Last that I heard is that the tournament is still on but no fans are allowed. 

But after the NBA just postponed the rest of their season all bets are off

Sent from my SM-J737V using Tapatalk


----------



## Vanilla (Dec 11, 2009)

Critter said:


> But after the NBA just postponed the rest of their season all bets are off
> 
> Sent from my SM-J737V using Tapatalk


^ that

Who wants to be the one to say, "No biggie, we're forging ahead." ??? Nobody in this day and age.


----------



## Critter (Mar 20, 2010)

The tournament has been canceled along with all the other NCAA tournaments for the rest of the sports.


----------



## Vanilla (Dec 11, 2009)

*Does that mean I won?!?!?!?!?!?!? *


----------



## middlefork (Nov 2, 2008)

I wonder if they were thinking about dubbing the crowd noise?

Nilla, can you say re-runs for the next 18 months? Yep you won. Skip right past those BYU games.:grin:


----------



## Vanilla (Dec 11, 2009)

Another year comes, and another year goes...with BYU not advancing beyond the first round of the NCAA tournament!


----------



## Critter (Mar 20, 2010)

Heck, there wasn't a team that got pass the first round this year.

They all lost.

Just think about how much money was lost by all the teams that would of been in the tournament. Then there is the NBA, NHL, and others. I wonder what the pro players contracts say about a season that was canceled due to something like this?

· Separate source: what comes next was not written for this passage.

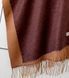 Жіночий шарф Fashion Ромб коричневий/св.коричневий 60x204 см фото 3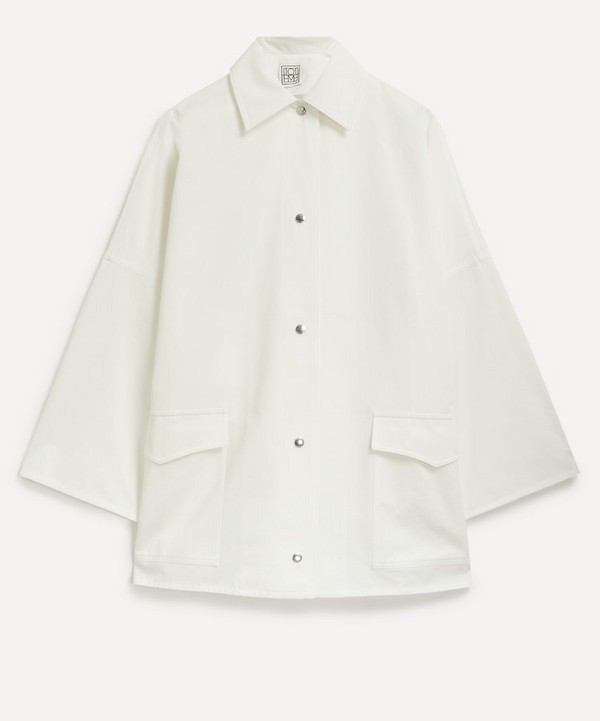 Toteme - Cotton Twill Overshirt Jacket image number null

Sent from my SM-J737V using Tapatalk


----------



## Vanilla (Dec 11, 2009)

The cost to local economies this month in the loss of only sports generated revenue will be measured in the tens of billions.


----------



## taxidermist (Sep 11, 2007)

I feel sorry for the folks that work at the venues and not having any income for who knows how long. 

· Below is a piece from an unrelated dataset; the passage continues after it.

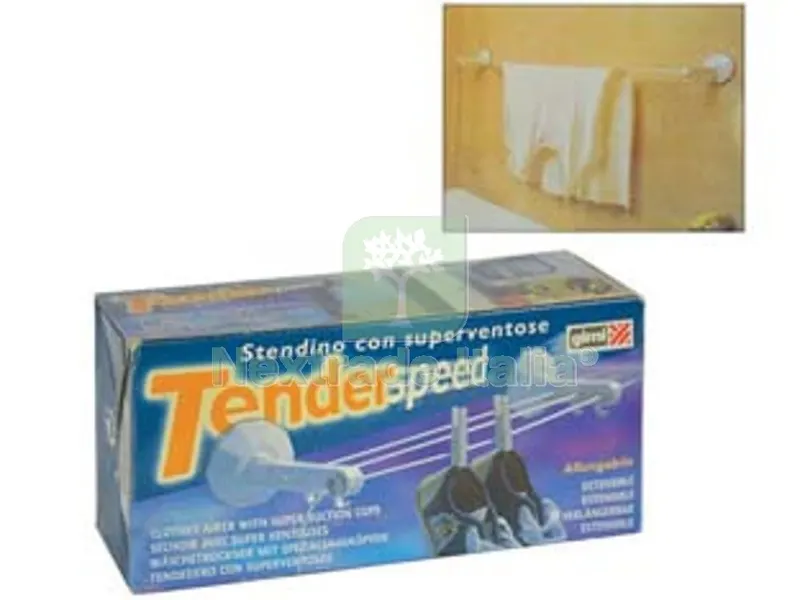 Stendibiancheria "tenderspeed" da Bagno con Braccetti a Ventosa — Stendibiancheria e bucato — rif. FERX.FER332927 Stendibiancheria "tenderspeed" da Bagno con Braccetti a Ventosa — Stendibiancheria e bucato — rif. FERX.FER332927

Look at the mad hysteria taking place at the grocery stores. What's going to happen to the folks that need food assistance if a food shortage occurs? I could go on and on but I wont. I just prey that common sense will soon become present in the minds of folks.


----------



## CPAjeff (Dec 20, 2014)

I’m gonna miss the 2020 edition of “One Shining Moment.”


----------